Именно здесь, в конце улицы, стоял дом Марины Савиоз.

Мне необходимо было увидеть этот дом. Срочно, до дрожи. Меня приводила в ужас мысль, что он мог исчезнуть, растаять в пространстве и времени, что пропали разросшиеся деревья в саду, бассейн, в самой глубине которого, там, где вода приобретала цвет лишайника, пряталось нечто неотделимое от моей души, но невнятное и призрачное, чему я позволил ускользнуть от меня.

Наверно, единственное, что остается, когда стираются воспоминания и эмоции, это вернуться на старые места, рыть пальцами землю, собирать скелеты, сдувать пыль с костей… Но и тогда, вероятно, восстановить в памяти то, что прошло, прикоснуться к былому, уже никак не получится.

Я шел все быстрее, потея в джинсах и черной футболке.
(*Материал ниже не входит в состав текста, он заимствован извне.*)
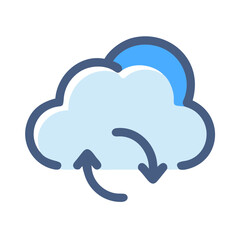 Abstract cloud symbol with two circular arrows for data sync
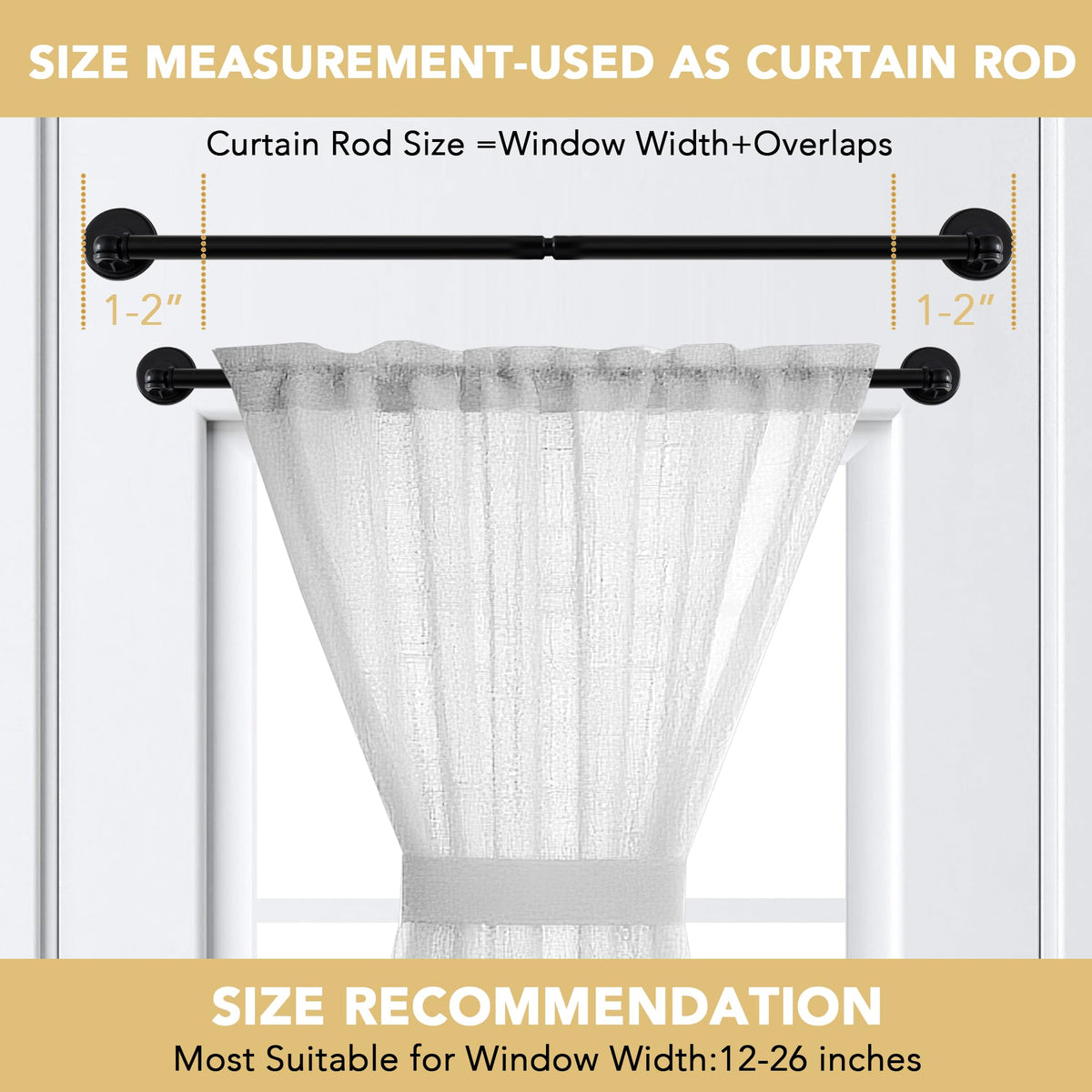 H.VERSAILTEX 1 PACK Magnetic Curtain Rods for Metal Doors 16" to 28", 1/2 Inch Diameter Adjustable French Door Curtain Rod for Classroom Whiteboard Magnetic Cafe Rod Towel Bar Holder, Black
Моя цель, осколок иного города, иной жизни, была там, в конце типичной улицы, по которой я просто бежал, улицы, что вела к дому, нелепому в череде роскошных зданий, торчавшему, как гнилой зуб напротив современного супермаркета. Калитка, распахнутая, как и прежде — темно-зеленый металл местами проржавел, — приглашала заглянуть в глубину густого пьянящего сада, может, не такого густого, как в моих воспоминаниях, а там виднелись светлые стены запущенного деревянного особняка. При виде дома я едва не расплакался, ощутив надежду на освобождение, он вырос из прошлого, будто выскочил из бумажного стакана, который бесконечно долго прикрывали ладонью.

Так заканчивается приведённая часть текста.